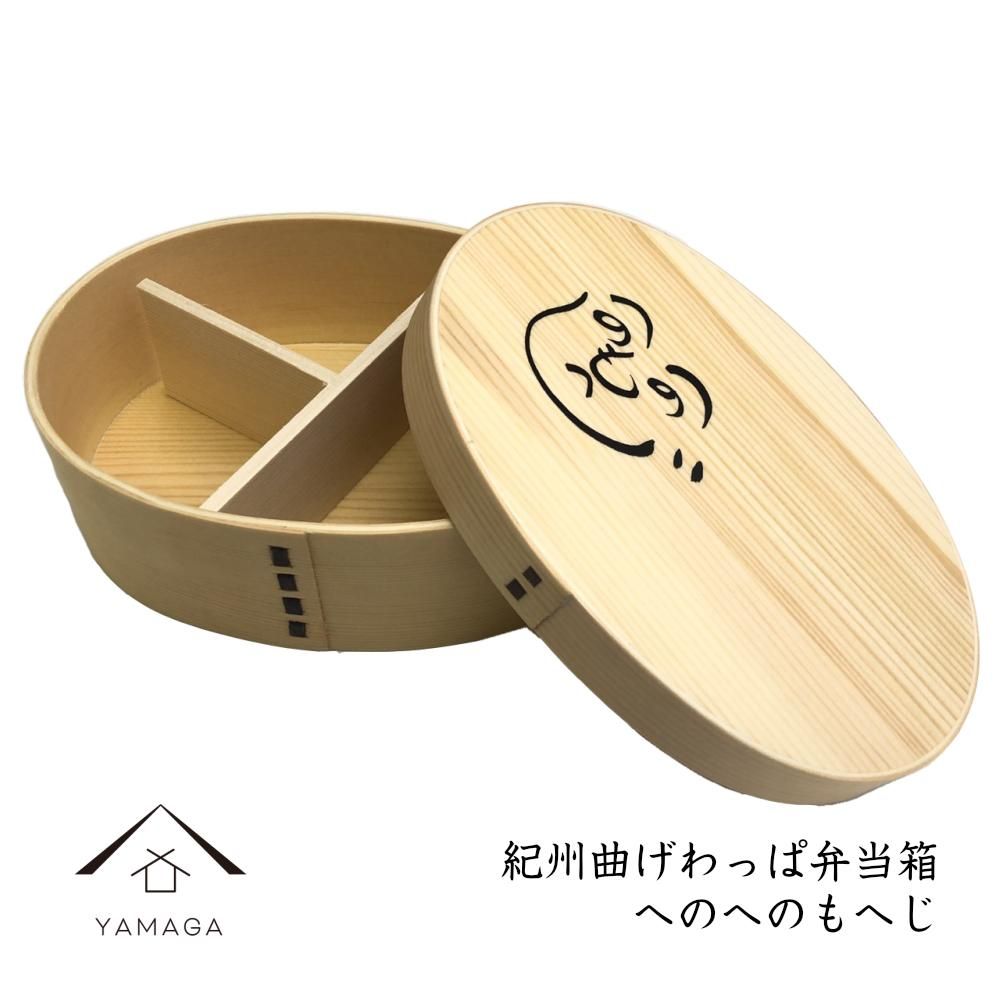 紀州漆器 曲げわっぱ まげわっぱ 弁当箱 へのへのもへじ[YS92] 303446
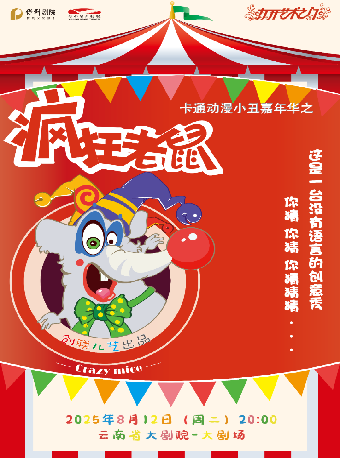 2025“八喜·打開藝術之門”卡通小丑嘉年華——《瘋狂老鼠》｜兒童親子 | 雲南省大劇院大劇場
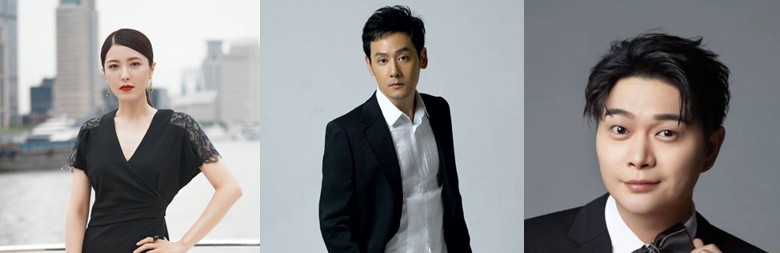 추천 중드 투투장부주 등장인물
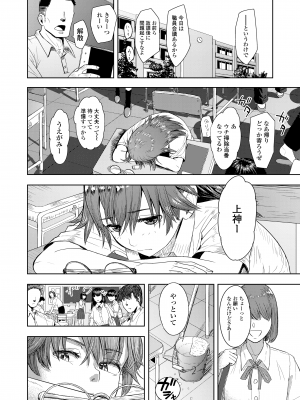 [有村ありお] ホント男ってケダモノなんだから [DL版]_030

[TASK INSTRUCTIONS]: Apart from the pictures, every line above must be repeated exactly.

[RESULT OF THE TASK]:
 紀州漆器 曲げわっぱ まげわっぱ 弁当箱 へのへのもへじ[YS92] 303446
 2025“八喜·打開藝術之門”卡通小丑嘉年華——《瘋狂老鼠》｜兒童親子 | 雲南省大劇院大劇場
 추천 중드 투투장부주 등장인물
 [有村ありお] ホント男ってケダモノなんだから [DL版]_030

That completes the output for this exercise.